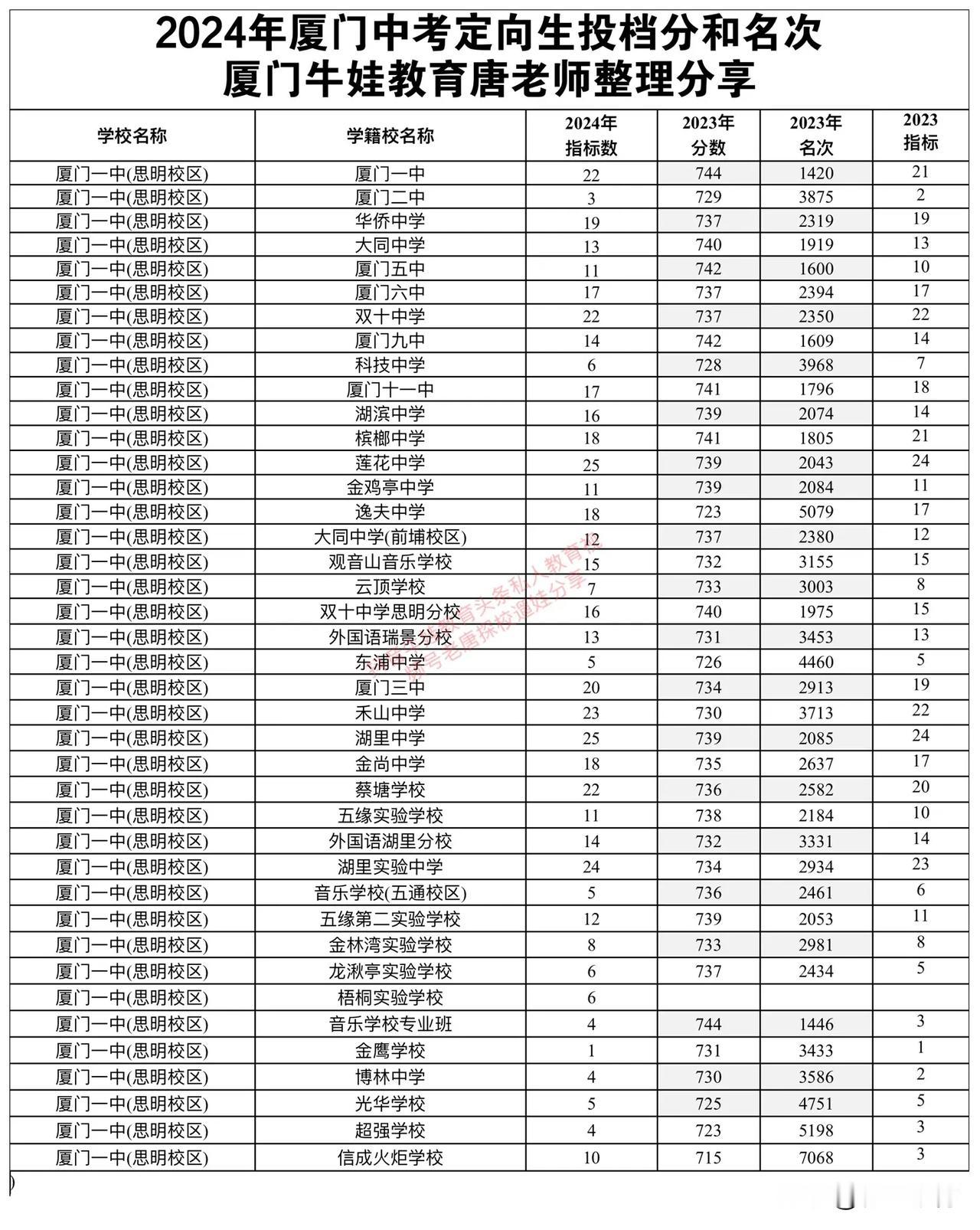 2024厦门一中定向生招生计划和2023录取名次#中考录取分数线#厦门新鲜事#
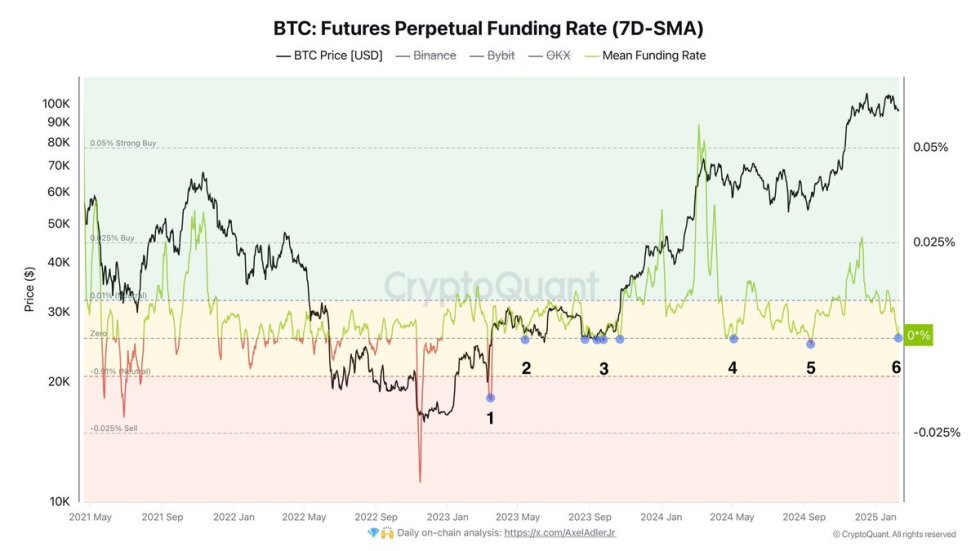 Bitcoin Futures Perpetual Funding Rate | Source: Axel Adler on X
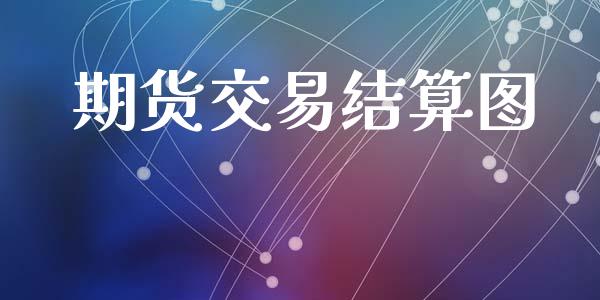 期货交易结算图_https://m.lcpcjs.com_期货交易时间_第1张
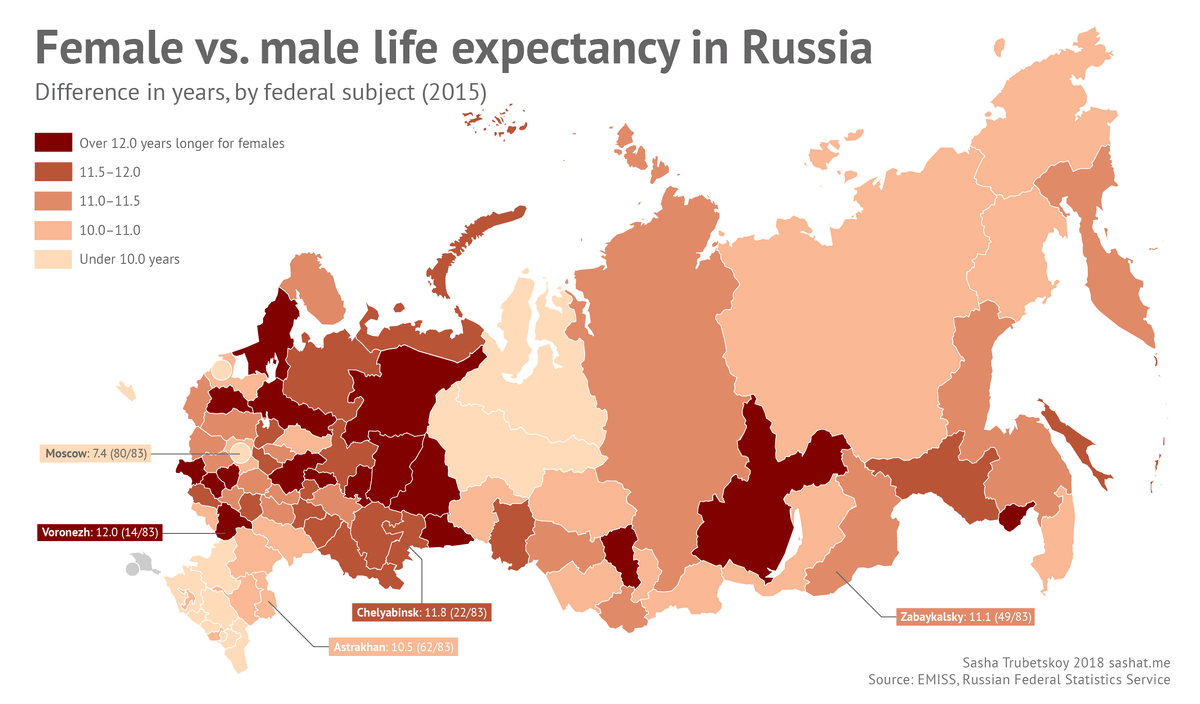 Источник: https://sashat.me/2018/03/27/life-expectancy-in-russia/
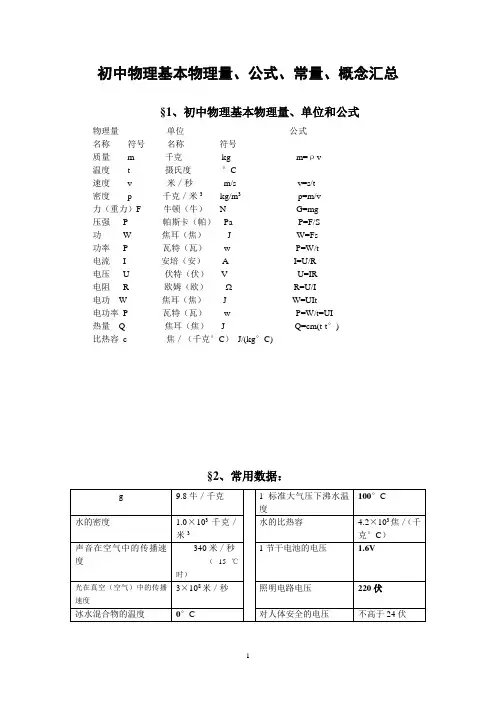 初中物理基本物理量、常量、概念规律概要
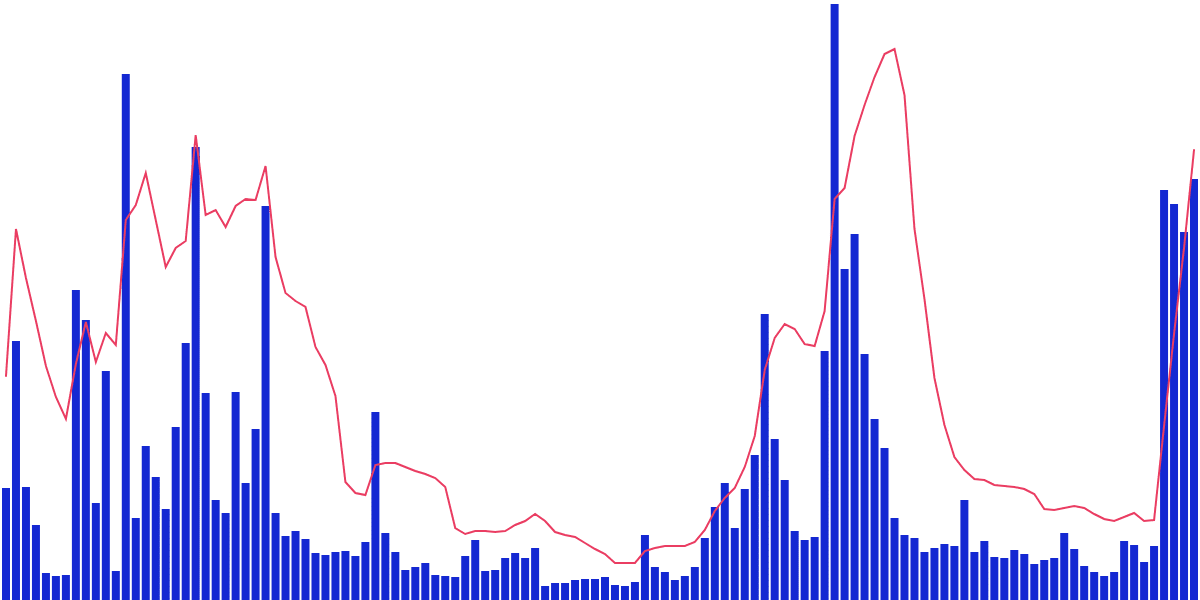 Aptos NFTs | Unraveling Trends Since Q4 2023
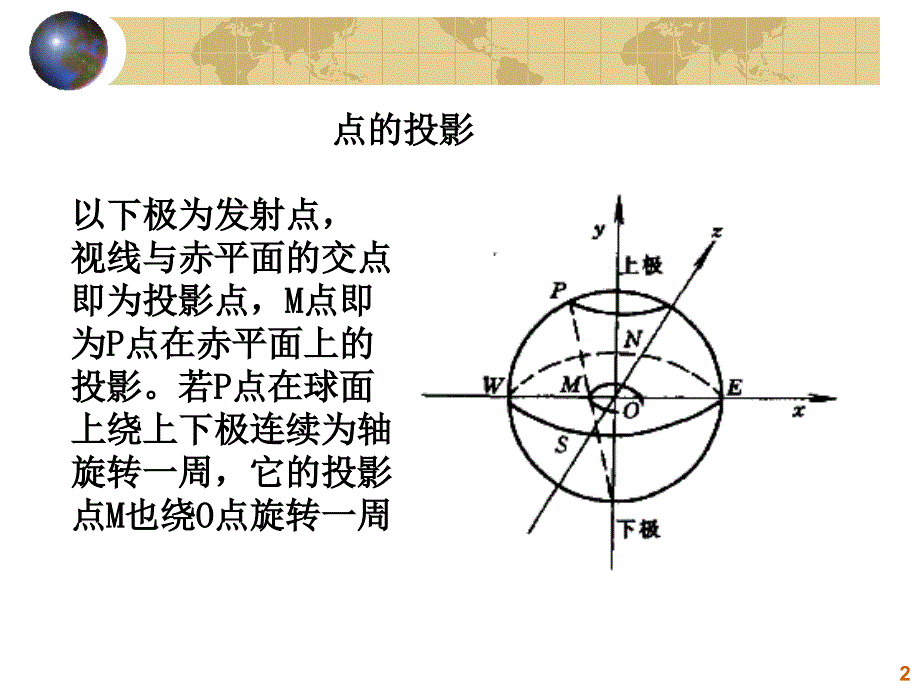 赤平极射投影综述_第2页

* * * * *

WHAT YOU SHOULD DO: All that should be printed is the lines from the one containing "Bitcoin Futures Perpetual" through the last line of the material above, both ends included, exactly as they stand; please skip the pictures.

YOUR RESPONSE:
 Bitcoin Futures Perpetual Funding Rate | Source: Axel Adler on X
 期货交易结算图_https://m.lcpcjs.com_期货交易时间_第1张
 Источник: https://sashat.me/2018/03/27/life-expectancy-in-russia/
 初中物理基本物理量、常量、概念规律概要
 Aptos NFTs | Unraveling Trends Since Q4 2023
 赤平极射投影综述_第2页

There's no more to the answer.